Chroniques, Le 17

Le 17 : je tends l’oreille

Pause. Je tends l’oreille. Je soulève le casque, pour m’en assurer. Était-ce un léger gloussement, un raclement, une complainte, une toux, un crissement aigu, une régurgitation, un mouvement du sommeil ? L’ai-je imaginé ? Je ne suis plus sûr. Tout semble calme. Je remets le casque, à l’affût du prochain bruit qui viendrait à descendre. Le son, déjà au plus bas, ne me parvient que dans l’oreille droite, de toute façon. L’installation, sommaire, évite qu’il ne se disperse, et me permet de jouer un peu en fin de soirée.

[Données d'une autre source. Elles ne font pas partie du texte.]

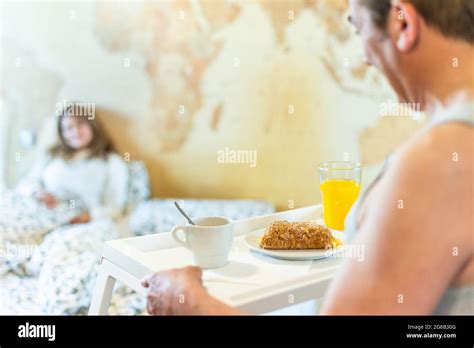 Mature Man In Love Bringing His Wife Breakfast In Bed On A Tray Stock Photo Alamy
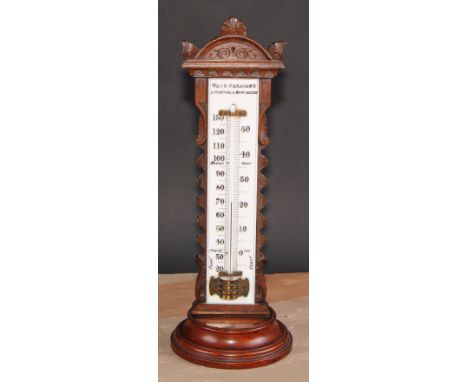 A large and unusual Victorian walnut table top thermometer, the opaque glass register inscribed Wood Abraham's, Liverpool &am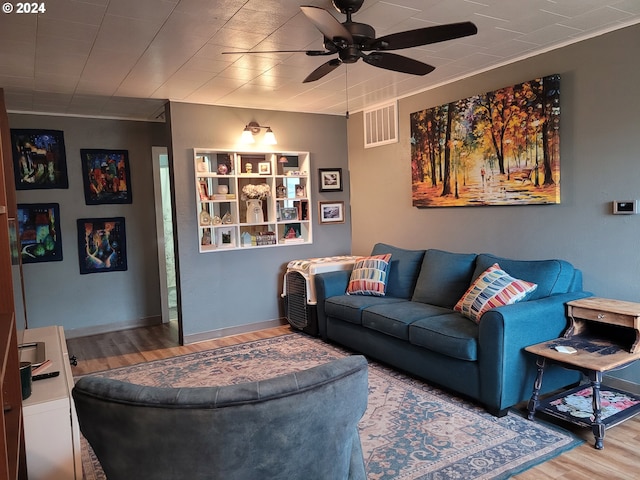 living room featuring hardwood / wood-style floors, ceiling fan, and ornamental molding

A cette heure, la maison est éteinte. Tous, hormis moi, sont couchés. Le petit dernier, d’un mois tout juste, glapit dans un lit neuf fois plus grand que lui. Dans le mien, mes pieds atteignent le bout. Différentes échelles. A l’heure que nous sommes, mon rôle est de tenir « le premier quart », tandis que ma compagne se repose. Ce qui signifie prêter l’oreille à la diversité des bruits qui peuvent s’échapper d’un nourrisson. Interpréter les « Agu », les « Creeeu », les « Uiiii ». En deviner l’état. Vient-il de se réveiller ? Bruite-il en dormant ? Le phénomène est-il progressif, voire exponentiel ? Ou en voie de s’amenuiser ? Faut-il intervenir prestement ? Mes qualités déductives sont testées.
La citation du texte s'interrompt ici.